Dov’è tuo fratello? (Gn 4,9). Comunità inclusiva vo’ cercando
Riflessioni bibliche di Kairos, gruppo di cristiani LGBT+ di Fitenze
“Dov’è tuo fratello?” (Genesi 4,9). È la domanda di Dio a Caino, un grido che attraversa le pagine della Bibbia e i secoli della storia. Ma Caino, invece di rispondere, alza un muro: “Sono forse io il custode di mio fratello?”.
In questa risposta c’è il tradimento di ciò che dovrebbe essere una comunità: un luogo in cui l’altro, anche nella sua diversità, trova cura, accoglienza, protezione.
La storia di Caino e Abele ci parla di esclusione, di rifiuto dell’altro e del dolore che ne deriva. Caino non vede Abele come un fratello da custodire, ma come una minaccia da eliminare. Questo atteggiamento, purtroppo, si ripete spesso nella Bibbia e nella nostra società: l’altro viene scartato perché diverso, perché rompe i nostri schemi o le nostre certezze.
Pensiamo alla cacciata di Agar e di suo figlio Ismaele (Genesi 21,8-21). Agar, schiava egiziana, è diversa: donna, straniera, madre di un figlio che non appartiene al “lignaggio giusto”. Sara, in preda alla gelosia, chiede ad Abramo di scacciarli entrambi, e così madre e figlio vengono abbandonati nel deserto.
Anche qui, la comunità – rappresentata dalla famiglia patriarcale – fallisce. Non c’è spazio per chi è “altro”, per chi non si conforma. Ma Dio non abbandona Agar e Ismaele: li ascolta, li soccorre e promette loro un futuro. Questo gesto ci dice che anche quando le comunità umane escludono, Dio non smette mai di accogliere.
La parabola del ricco e di Lazzaro (Luca 16,19-31) ci offre un altro esempio. Lazzaro giace alla porta del ricco, affamato e coperto di piaghe, ma il ricco passa oltre, cieco al bisogno dell’altro. L’immagine è potente: una porta che rimane chiusa, un grido che non viene ascoltato.
Questa porta chiusa diventa simbolo delle comunità che si chiudono su sé stesse, incapaci di accogliere chi è diverso o vulnerabile.
In chiave queer, Lazzaro può rappresentare tutte quelle persone rifiutate dalle comunità religiose e sociali a causa della loro identità o del loro modo di essere.

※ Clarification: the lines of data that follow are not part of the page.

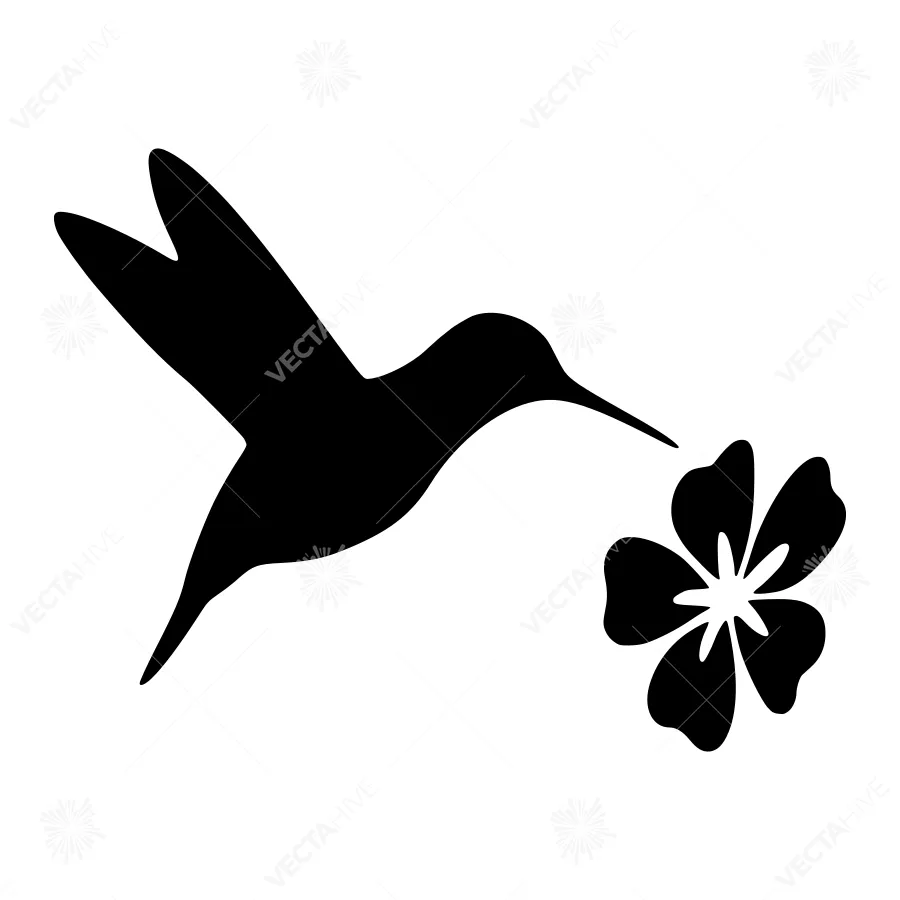 Silhouette Hummingbird Flower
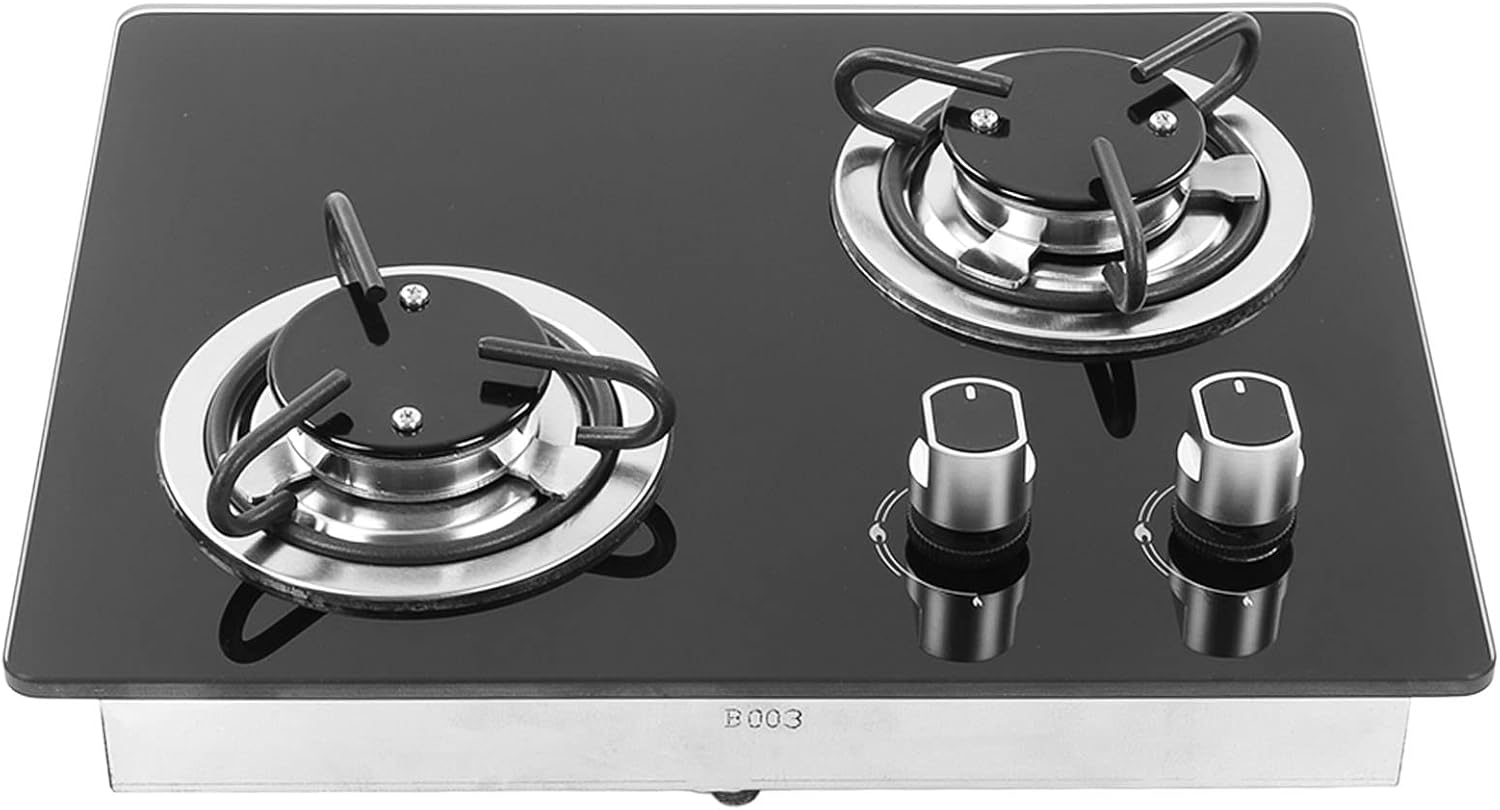 Gas Hob,RV Gas Stove 2 Burners 1.8Kw Power Tempered Glass Panel Easy to Clean Gas Cook Top Hob Gas Hob Gas Cooker Gas Cooker Hobs for Boat Caravan Camper.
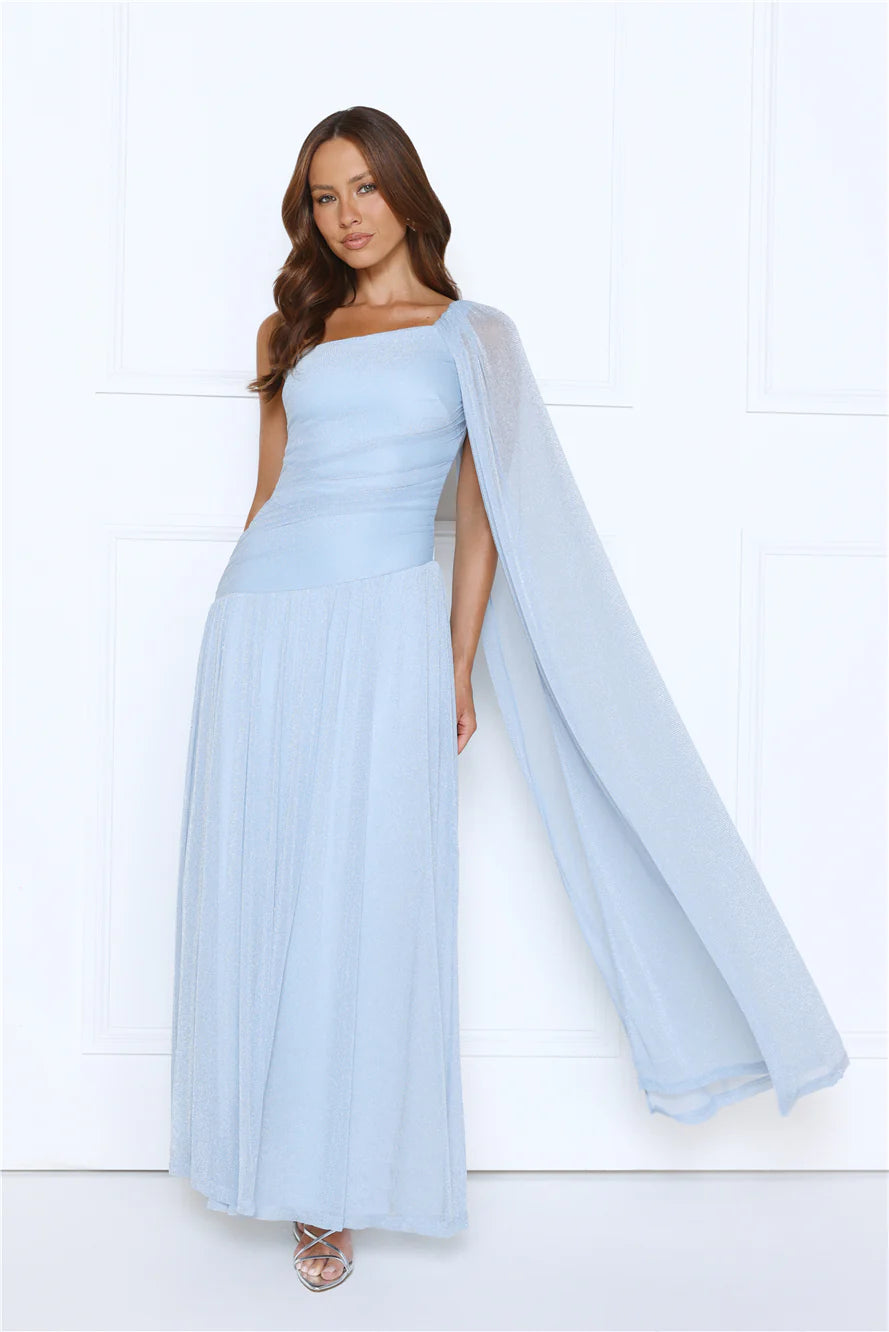 Midnight Spin One Shoulder Maxi Dress Blue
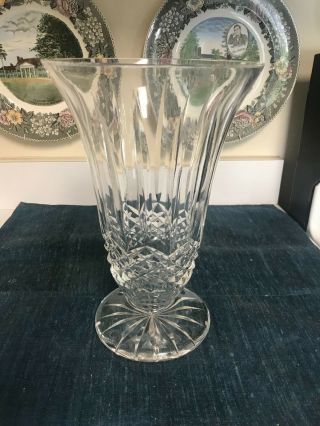 Rare Large 10 " Waterford Lismore Cut Crystal Footed Flared Vase Excllnt
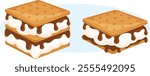 Camping Snacks: S`more and Double Decker Party S`more. American Graham Cracker Sandwiches Isolated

Ma la Bibbia non è solo una raccolta di fallimenti. Ci offre anche un’immagine di speranza: la Pentecoste (Atti 2,1-13). In quel momento, lo Spirito Santo scende sugli Apostoli e li spinge a parlare lingue diverse, permettendo a persone di ogni nazione di comprendere il messaggio di Dio. Qui la comunità non è omogenea, ma un mosaico di differenze unite dallo stesso Spirito. È una comunità che accoglie, che include, che celebra la diversità come dono.
E allora, il grido di Dio a Caino – “Dov’è tuo fratello?” – diventa la nostra chiamata oggi. In una prospettiva queer, essere comunità significa rompere i muri del pregiudizio, ascoltare chi bussa alle nostre porte, accogliere chi è stato scartato. È difficile, richiede coraggio, ma è possibile.
Come dice Paolo: “Accoglietevi gli uni gli altri, come anche Cristo ha accolto voi” (Romani 15,7). Questo è il sogno di Dio per le nostre comunità: un luogo dove nessuno è escluso, dove ogni diversità è un dono, dove possiamo finalmente rispondere al grido di Dio: “Ecco il mio fratello. Lo custodisco con amore.”